The numbers show that Bérubé’s right on Alberta’s spending. The Alberta government dishes out about $500 more per person every year on program expenses than big-spending Quebec, according to a 2019 RBC report.
Kenney has also known the true cause of Alberta’s budget woes for quite some time. Only a few weeks after becoming premier, he commissioned the Blue Ribbon Panel to dive into Alberta’s finances and identify ways to eliminate wasteful spending.
And the panel dropped a bombshell of a report. The experts found that Alberta taxpayers would save more than $10 billion every year if the government brought its spending in line with similar provinces. The entire report can be summed up with the key statement from the panel’s chair: “Alberta has a spending problem.”

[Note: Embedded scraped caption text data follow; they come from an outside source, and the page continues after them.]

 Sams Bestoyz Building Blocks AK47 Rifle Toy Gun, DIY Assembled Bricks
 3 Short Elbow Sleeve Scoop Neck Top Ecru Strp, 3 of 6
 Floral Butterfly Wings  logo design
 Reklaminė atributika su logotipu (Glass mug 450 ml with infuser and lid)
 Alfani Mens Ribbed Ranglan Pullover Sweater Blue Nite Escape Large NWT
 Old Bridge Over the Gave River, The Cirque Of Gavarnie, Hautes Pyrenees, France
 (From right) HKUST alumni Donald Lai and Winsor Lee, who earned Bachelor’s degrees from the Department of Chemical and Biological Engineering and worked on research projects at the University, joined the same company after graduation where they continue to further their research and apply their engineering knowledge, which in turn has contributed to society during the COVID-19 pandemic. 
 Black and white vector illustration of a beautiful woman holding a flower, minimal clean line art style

It seems like the only people left on planet Earth who don’t understand the spending problem are Alberta’s New Democrat Opposition and government union bosses.
“We knew we were going to see cuts … what he [Kenney] didn’t tell us is just how deep those cuts would go,” responded Opposition Leader Rachel Notley to the United Conservative’s recent budget.
Kenney should be making big cuts after more than a decade of runaway government spending. But by the end of his fourth year, Kenney’s budget is expected to increase the NDP’s total spending by $174 million and add over $30 billion to the government’s debt tab.
Government union bosses aren’t even close to hitting the mark.
“[The cuts are] far-reaching and far deeper than we have ever seen in this province,” said Mike Parker, president of the Health Sciences Association of Alberta.
That’s just plain false.
The only people who think the Alberta government spends and taxes too little are the people who get paid to think that. Of course, union bosses want to cover up the spending problem with higher taxes. How else would they be able to get their eight-per-cent pay hikes while hundreds of Albertans outside of government continue to be added to the ranks of the unemployed?
“These advocates want a sales tax not for society’s sake but for their own,” wrote columnist Chris Nelson. “Because, if governments manage to get their clammy paws on even more cash courtesy of ordinary Albertans … poof go those current threats of cuts, rollbacks and frozen spending.”
The opposition NDP and union bosses have painted themselves into a corner. Anything less than a major spending increase from Kenney will result in them lighting their collective hair on fire. Kenney’s not going to score any E-for-effort points with them.
But Albertans are ready for cuts. For heaven’s sake, even Quebec politicians are calling Alberta a big spender. Kenney needs to balance the books, begin paying down the debt and offer more tax relief. To do that, he’s going to have to get tougher on Alberta’s spending problem.